そうなると、商品の生産能力やサービスネットワークなどを基盤とした「卓越したオペレーション能力」をどれだけ持っていても、他社を凌駕(りょうが)するような競争力にはならない。開発の段階から消費者の隠れた心理であるインサイトをしっかりと捉えてアイデアを導き出し、商品化を進めていくということが重要になってくるわけです。

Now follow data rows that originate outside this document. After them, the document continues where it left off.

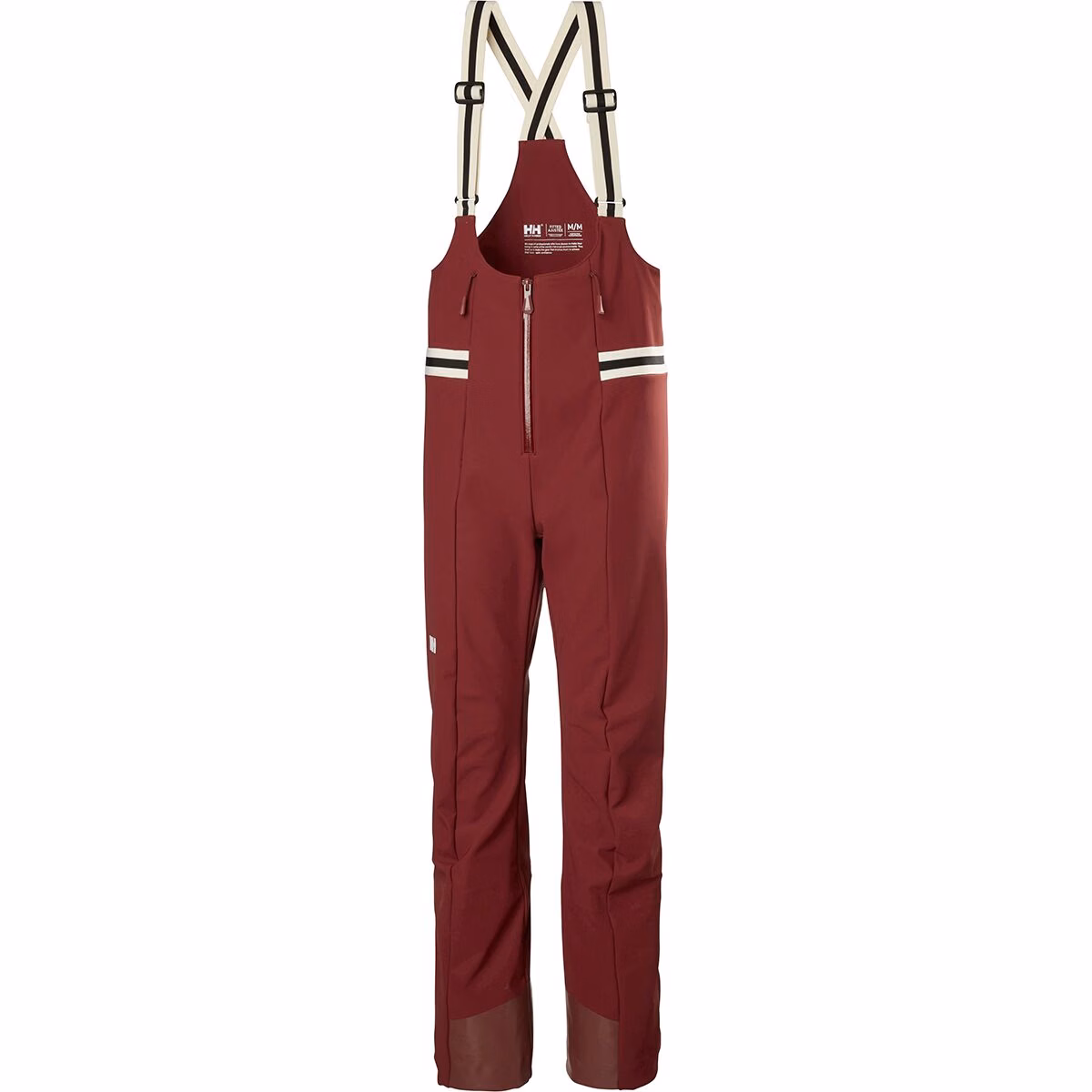 Helly Hansen Helly Hansen Women's Avanti Softshell Bib Pants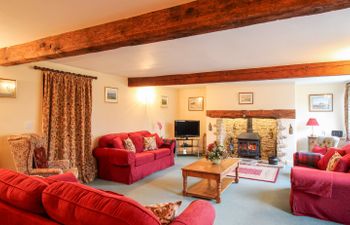 Chestnut Cottage, Rodden Holiday Cottage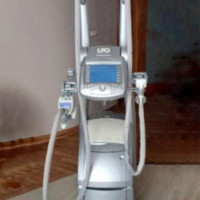 Used LPG Cellu M6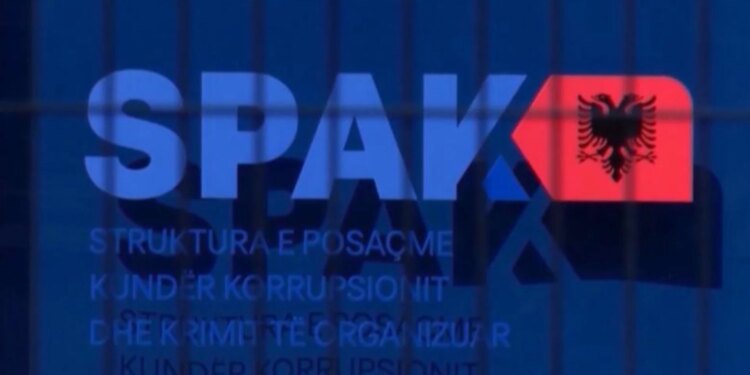 SPAK publikon raportin për vitin 2025, me një rritje prej 3.8% në numrin e hetimeve të përfunduara, ndërsa mbi 50% e zyrtarëve dhe ish-zyrtarëve të lartë nën hetim janë dërguar në gjykatë.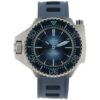 Omega Seamaster PloProf Summer Blue Dial Steel 45mm Mens 227.32.55.21.03.001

インサイトが注目されている背景には、マーケティングがデジタル化したことへの反動も影響していると考えています。技術の進化でデジタルマーケティングが活発化しているのはいいのですが、マーケティング戦略のフレームワークである3領域の「HOW(どのように認知させるか)」だけに注力しすぎて、「WHO(どんな顧客に)」や「WHAT(どんな価値を)」の部分がおろそかになっているケースが多く見受けられます。WHOやWHAT、すなわち「誰にどんな価値を伝えるのか」というインサイトの価値と定義がずれていると、結局は成果が頭打ちになってしまう。そうしたことにようやく気づき始めた企業がここ数年で増えている気がします。
探索と検証を繰り返してインサイトを掘り起こす
では、消費者のインサイトをどのように見つけ出すか。まず、調査の目的を「仮説検証」と「仮説探索」に分けて考えます。例えば「商品が売れないのはこうした理由があるからではないか」というような仮説が複数あり、そのうちのどれが最も正しいのかを検証するのが仮説検証。「なぜこの商品が売れないのだろう」といったように仮説を探し出したい場合が仮説探索です。